Eric Reinhardt: L'AMOUR ET LES FORETS


Prix Renaudot des Lycéens, prix roman France Télévision, ce roman est sorti en juin 2014.
Ce qu'en dit la presse:
"L'amour et les forêts est une descente aux enfers que l'auteur conte par le menu. Un morceau de bravoure, un récit puissant, Frédérique ROUSSEL.  Libération
"Eric Reinhardt se révèle bouleversant arpenteur des douleurs de l'esprit", Fabienne Pascaut, Télérama

Ce roman , mais est-il un roman?
On dirait le témoignage, écrit par un auteur et publié post mortem, d'une femme victime, comme tant de femmes, hélas, de la perversité d'un conjoint malade, qui a mis en place un lent et inexorable processus de destruction.

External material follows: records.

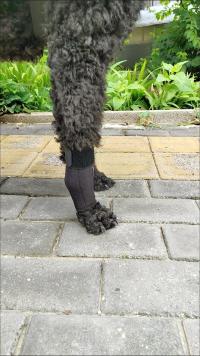 Dog Carpal Brace For Support review 0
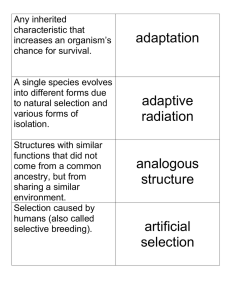 adaptation adaptive radiation analogous structure artificial selection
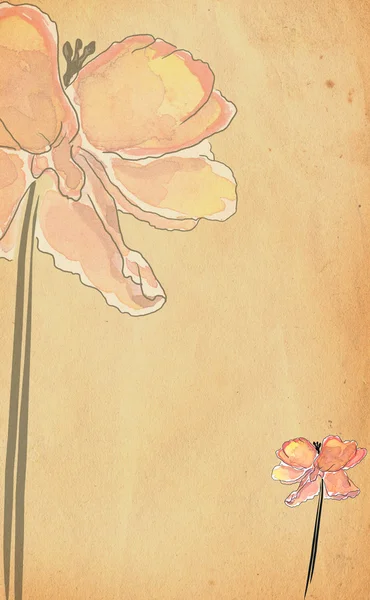 Papel velho com flor — Fotografia de Stock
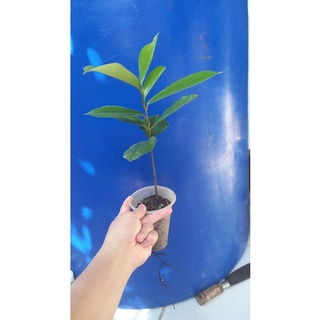 2 cây hồng nhung 6 lá (4 lá trở lên cây đã khỏe tỷ lệ sống cao)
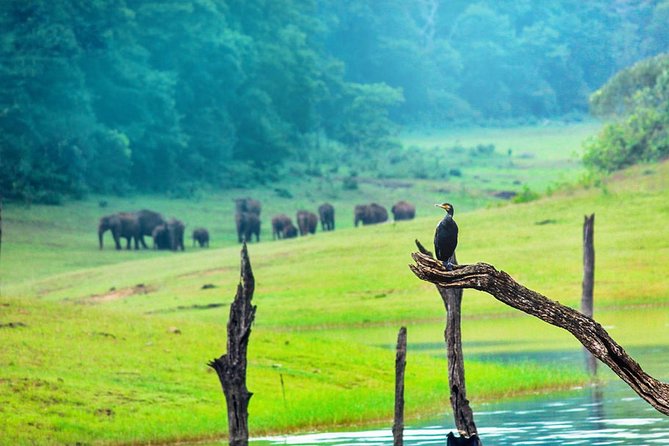 8 Days Kerala Private Tour (3 Star) with Munnar, Houseboat & Cab- Iris Holidays - Kochi to Munnar: a scenic reset with waterfall stops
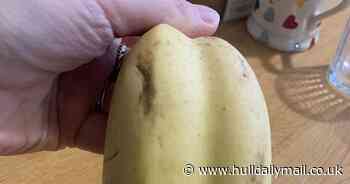 Morrisons shopper finds very weird banana in her groceries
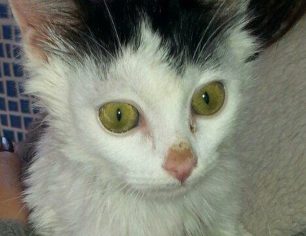 Πέθανε το γατάκι που βρέθηκε σοβαρά τραυματισμένο να το σέρνουν παιδιά στην άσφαλτο στο Πέραμα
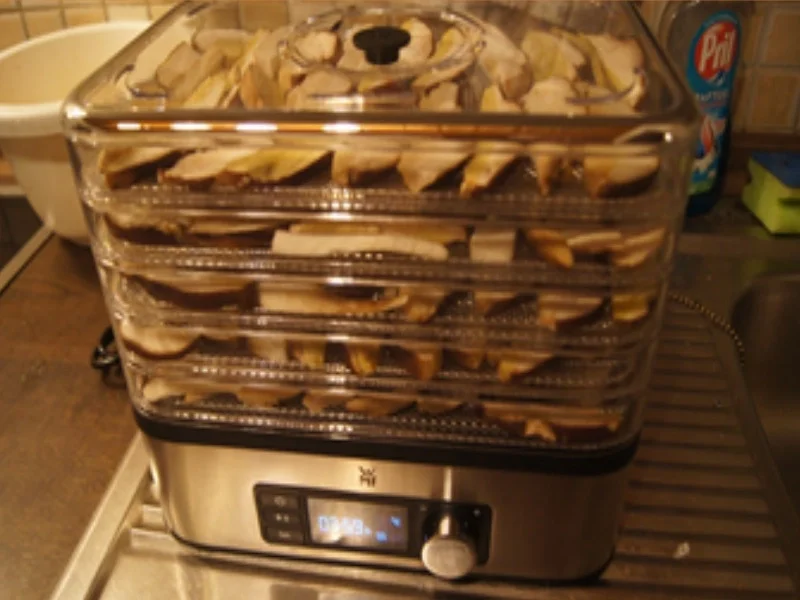 Getrocknete Steinpilze - Rezept - Bild Nr. 11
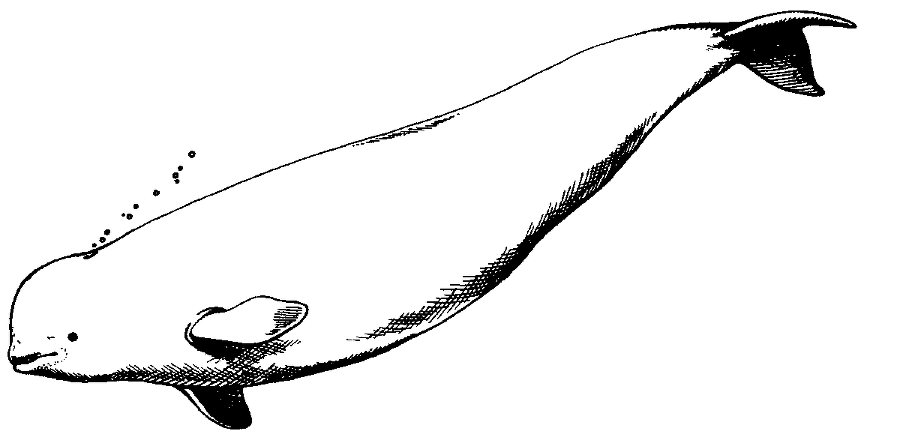 Я познаю мир. Живая природа от А до Я - image19.png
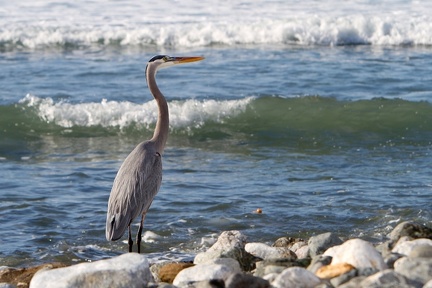 Ardea herodias  Great Blue Heron  Kanadareiher 7
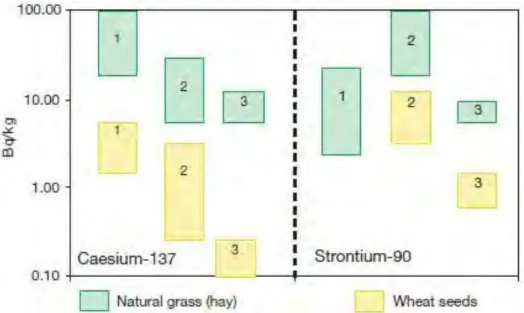 図 3.23.:    土壌から植物【普通の草（Natural grass）と小麦（Wheat seeds）】へ取り込まれた 137 Cs【左】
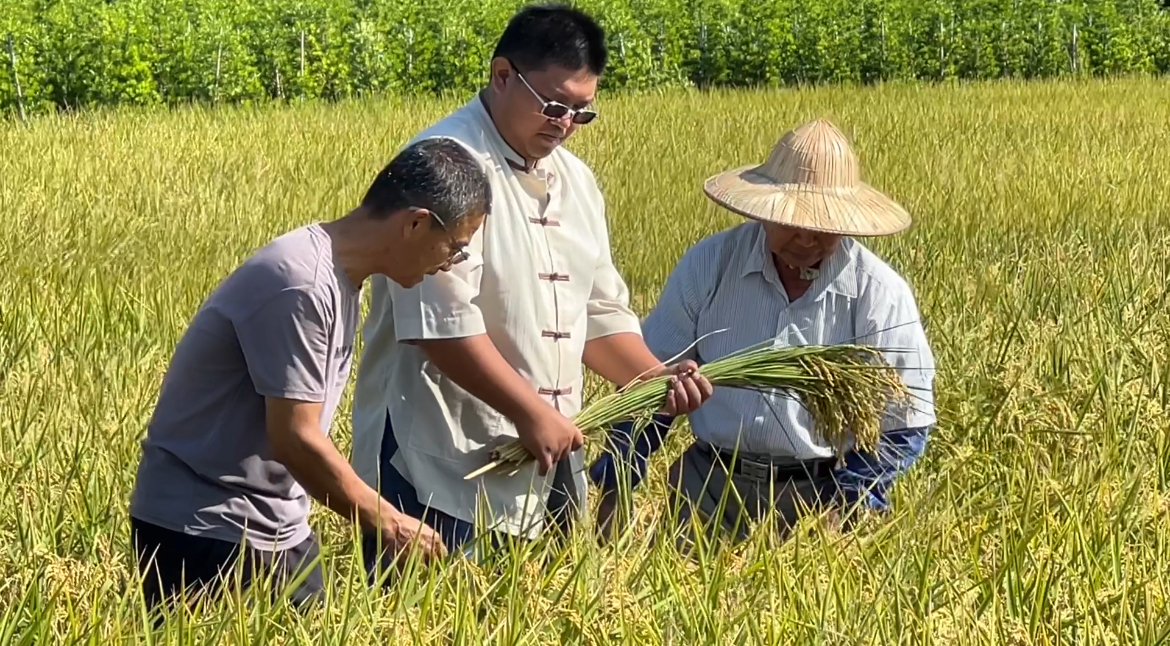 (大頭條新聞TOP-News)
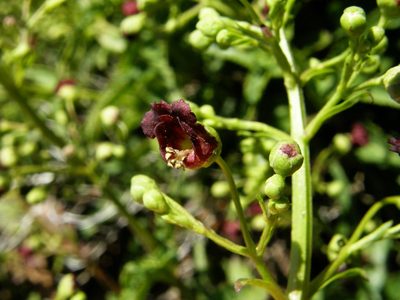 Scrophularia glabrata, photographed by Rafael Medina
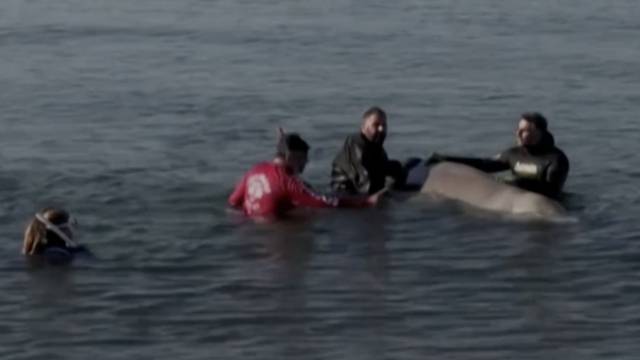 Na plaži kod Atene nasukalo se mladunče kita: Uginulo bi da ga nisu vukli i gurali dublje u more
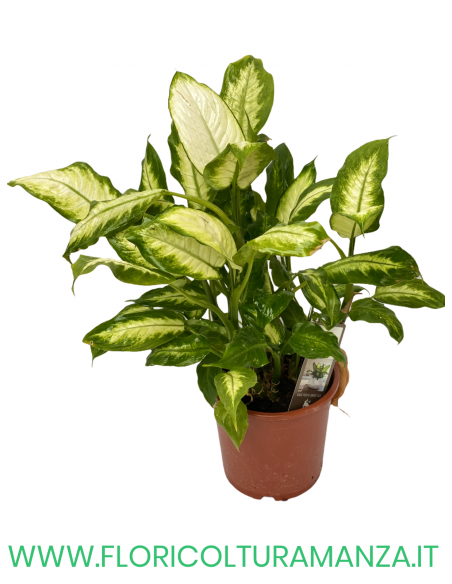 DIEFFENBACHIA VASO 18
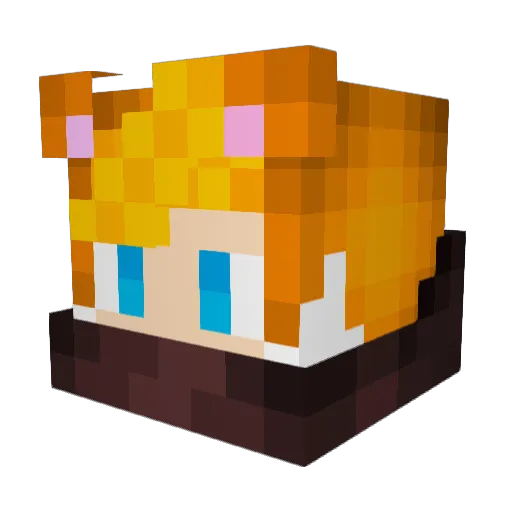 xSeanzz Minecraft avatar head, 3D render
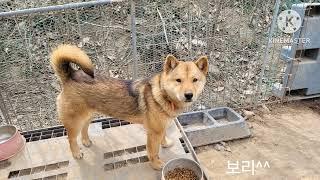 영상끝까지 본분께 행운이(무료분양)^^Korean Jindo Dog .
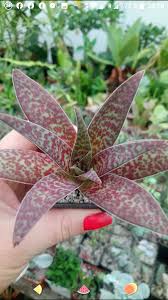 Image result for Crassula alba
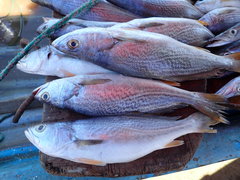 Cynoscion reticulatus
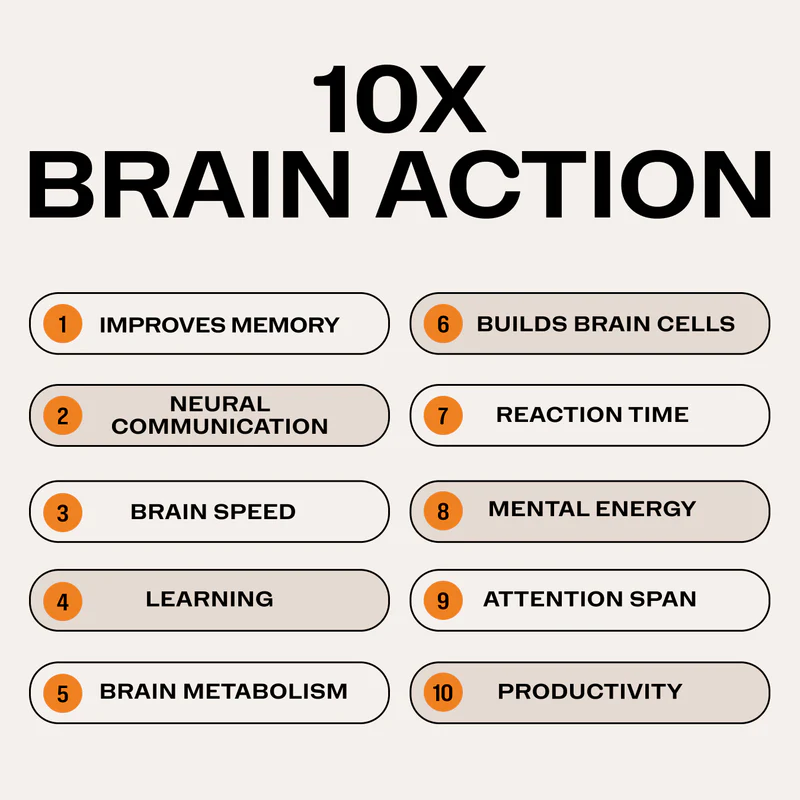 Vimergy Brain Body Memory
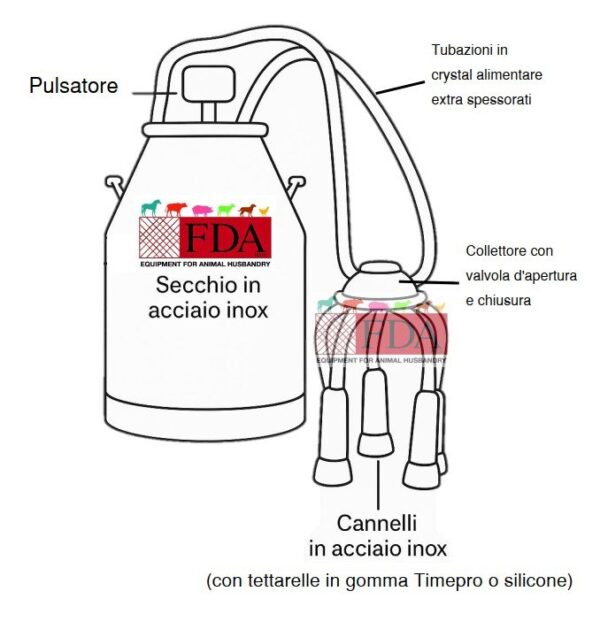 Schema tecnico del secchio mungitore in acciaio inox da 30 litri per bovini, con pulsatore, collettore, cannelli e tubazioni in crystal alimentare.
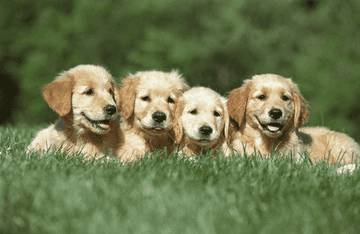 golden retriever exercise needs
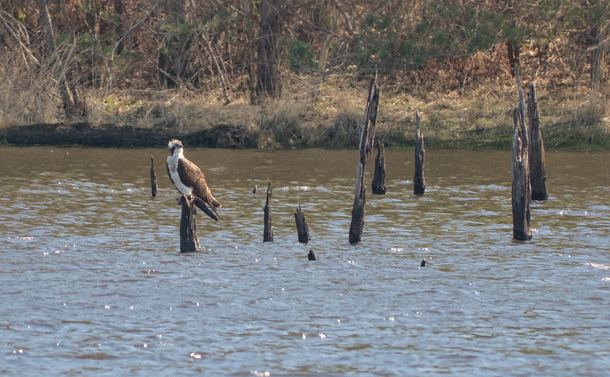 Un balbuzard pêcheur (gros rapace, blanc et marron) sur un arbre mort noyé dans un étang. D'autres arbres noyés sont juste à côté et ressemblent à des sortes de piquets dans l'eau.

L'auteur, se rend à un rendez-vous avec une lectrice après avoir reçu d'elle deux intéressantes  pages de commentaires personnels sur son dernier livre.
Petit à petit, Bénédicte Ombredanne, va se révéler et le faire témoin de sa vie.
A la terrasse d'un café, elle lui raconte sa folle journée de rébellion, deux ans plus tôt, et sa descente aux enfers qui a suivi, aux côtés d'un mari pervers.
L'écriture est sublime, et l'auteur réussit à nous accrocher, malgré la pesanteur des trente premières pages, d'un bloc, parfois lourdes à soutenir...mais l'auteur est devant nous attablé face à Bénédicte Ombredanne, on est derrière lui, tel un spectateur fantômatique qu'il n'ignore pas, et il réussit à se laisser glisser, de sa chaise, petit à petit pour nous laisser, imperceptiblement prendre sa place. De spectateur invisible, derrière la vitre sans tain, il s'efface devant la présence curieuse du  lecteur.Petit à petit,  on oublie l'auteur et le narrateur qui recueille le récit de cette femme. A un moment, on ne sait plus qui parle. Ce n'est plus lui, à la première personne, masculin singulier, c'est elle, féminine, singulière, et on remonte les pages pour savoir à quel moment il a réussi cette prouesse, de nous embarquer avec lui, sur sa chaise, à cette table de café. Et est ce que ce n'est pas une perfidie? Comme on se le demande pour Bénédicte Ombredanne.
Quelle perfidie de ne pas permettre qu'on lâche cette histoire, poignante, enivrante, terrifiante, angoissante, jusqu'au bout. Jusqu'au bout, avec lui, nous, allons participer à cette lente et inexorable destruction .
Combien de femmes ont raconté leurs calvaires avec des maris destructeurs, et ce roman, n'en semble pas un, tellement ces vies de femmes ont le même point commun.
  Néanmoins, Bénédicte Ombredanne, qui, en apparence ne parvient pas à échapper aux perfidies lancinantes et de plus en plus destructrices de son malade de mari, trouve le moyen d'exister  en son rêve, son imaginaire, ce qui est plus fort que la réalité dévastratrice et dont elle sait qu'elle ne finira qu'avec sa mort.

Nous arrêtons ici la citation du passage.